In this favored branch of knowledge, the most recondite and delicate discoveries can no more suffer doubt or contradiction, than the most palpable facts of sense which the face of nature offers to our notice. The last great discovery in astronomy—the motion of the stars arising from Aberration—is as obvious to the vast population of astronomical observers in all parts of the world, as the motion of the stars about the pole is to the casual night wanderer. And this immunity from the danger of any large error in the received doctrines, is a firm platform on which the astronomer can stand and exert himself to reach perpetually further and further into the region of the unknown.

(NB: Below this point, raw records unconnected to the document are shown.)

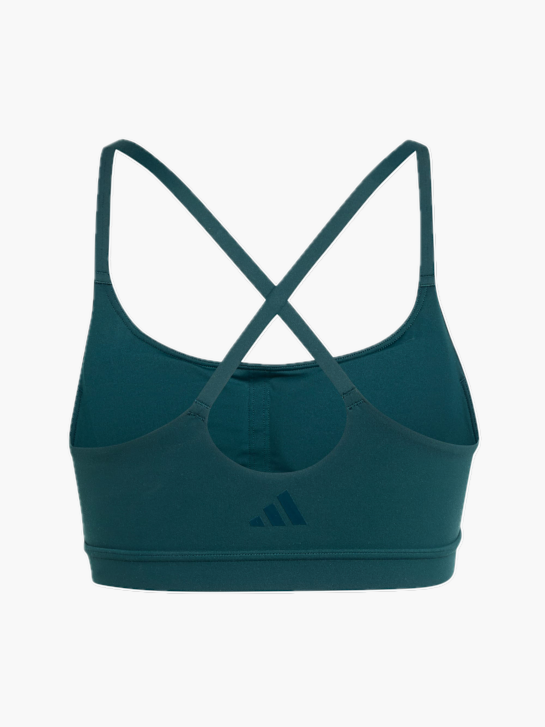 adidas adidas All Me Light Support BH Grün 132026 2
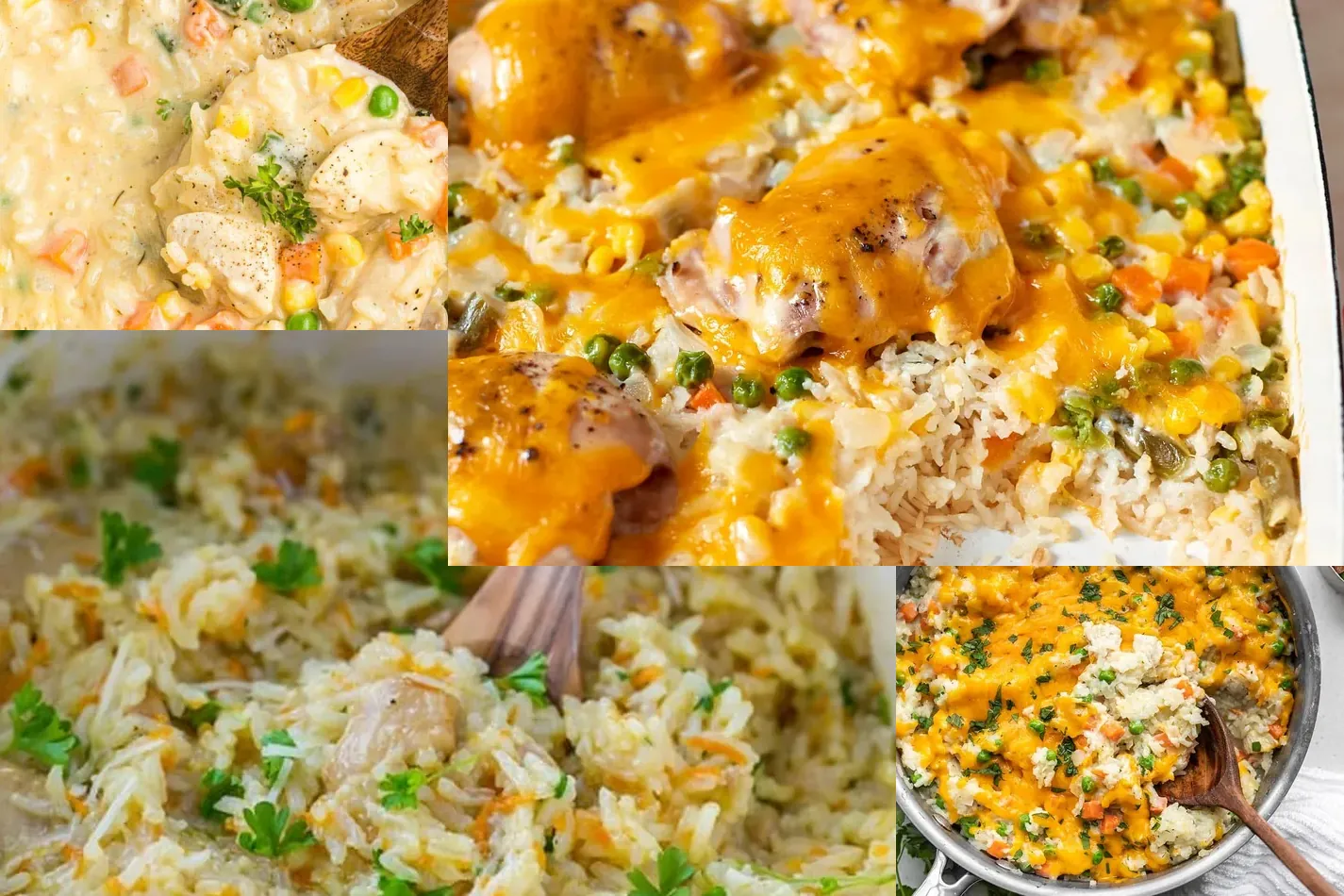 Photo of Creamy Chicken and Rice: 14 Easy Recipes for Comfort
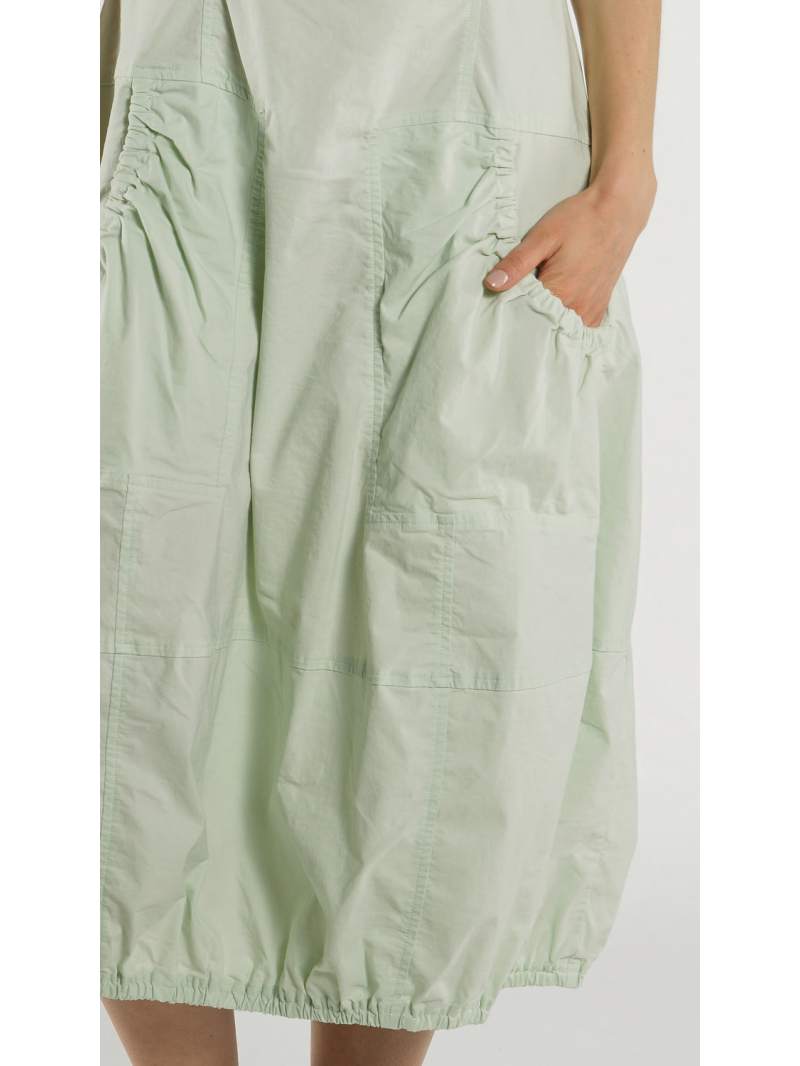 Rundholz Black Label - Schmales Ärmelloses Cottonshape Kleid - 1263630913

The same scrupulous care and diligence in recording all that has hitherto been ascertained, has been extended to those departments of astronomy in which we have as yet no general principles which serve to bind together our acquired treasures. These records may be considered as constituting a Descriptive Astronomy; such are, for instance, Catalogues of Stars, and Maps of the Heavens, Maps of the Moon, representations of the appearance of the Sun and Planets as seen through powerful telescopes, pictures of Nebulæ, of Comets, and the like. Thus, besides the Catalogue of Fundamental Stars which may be considered as standard points of reference for all observations of the Sun, Moon, and Planets, there exist many large catalogues of smaller stars. Flamsteed’s Historia Celestis, which much surpassed any previous catalogue, contained above 3000 stars. But in 1801, the French Histoire Céleste appeared, comprising observations of 50,000 stars. Catalogues or charts of other special portions of the sky have been published more recently; and in 1825, the Berlin Academy proposed to the astronomers of Europe to carry on this work by portioning out the heavens among them.